Streaming SHA calculation using VIA's Padlock Hashing Engine?

Question 1

Depends on the CPU. On VIA Nano and later, you can perform partial hashes by setting EAX to FFFFFFFF before executing the REP XSHA1/256 instruction - and the CPU won't perform the final padding (so you can simply feed the chunks into the hash, just as you usually do with hashing functions). On older models (up to C7), such a possibility is not present, EAX has to be set to zero before the hash instruction, and a full hash (i.e. including the final padding) is performed.

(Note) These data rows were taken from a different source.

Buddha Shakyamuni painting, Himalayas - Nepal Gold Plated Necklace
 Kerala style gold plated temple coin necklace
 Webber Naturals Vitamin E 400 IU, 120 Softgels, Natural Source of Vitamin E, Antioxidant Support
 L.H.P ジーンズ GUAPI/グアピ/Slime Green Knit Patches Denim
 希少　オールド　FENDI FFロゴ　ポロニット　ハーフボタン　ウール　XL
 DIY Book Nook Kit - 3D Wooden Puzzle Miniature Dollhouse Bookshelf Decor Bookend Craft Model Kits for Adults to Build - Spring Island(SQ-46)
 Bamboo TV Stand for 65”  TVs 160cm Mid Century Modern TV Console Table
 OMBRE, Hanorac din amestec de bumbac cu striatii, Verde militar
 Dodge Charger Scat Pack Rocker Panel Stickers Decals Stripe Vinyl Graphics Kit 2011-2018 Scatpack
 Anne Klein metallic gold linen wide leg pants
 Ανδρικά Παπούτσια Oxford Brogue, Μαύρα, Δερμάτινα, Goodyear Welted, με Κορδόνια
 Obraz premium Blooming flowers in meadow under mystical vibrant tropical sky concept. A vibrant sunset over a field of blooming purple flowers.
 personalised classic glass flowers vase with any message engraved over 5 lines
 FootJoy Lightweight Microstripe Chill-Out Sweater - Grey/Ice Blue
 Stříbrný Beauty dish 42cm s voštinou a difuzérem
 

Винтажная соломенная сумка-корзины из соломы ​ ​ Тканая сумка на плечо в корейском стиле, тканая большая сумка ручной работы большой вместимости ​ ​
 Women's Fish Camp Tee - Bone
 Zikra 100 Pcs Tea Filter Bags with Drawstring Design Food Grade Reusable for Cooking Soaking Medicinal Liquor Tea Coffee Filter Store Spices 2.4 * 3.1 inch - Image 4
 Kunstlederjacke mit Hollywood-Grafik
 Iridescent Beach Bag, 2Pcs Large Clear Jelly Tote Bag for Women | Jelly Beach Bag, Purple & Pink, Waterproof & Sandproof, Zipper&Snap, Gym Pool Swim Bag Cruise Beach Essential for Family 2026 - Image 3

I successfully implemented the hack mentioned above (on Windows) and it worked [tested on VIA Nano with EAX=0 though, don't have access to an old CPU]. But yes, there's a performance penalty here, so you don't want to feed tiny chunks into the code. I suggest to buffer small chunks into a bigger buffer, say a few kilobytes, and only then perform the "interrupted hash". If you finish with less data than that, it may be better to fall back to ordinary x86 code.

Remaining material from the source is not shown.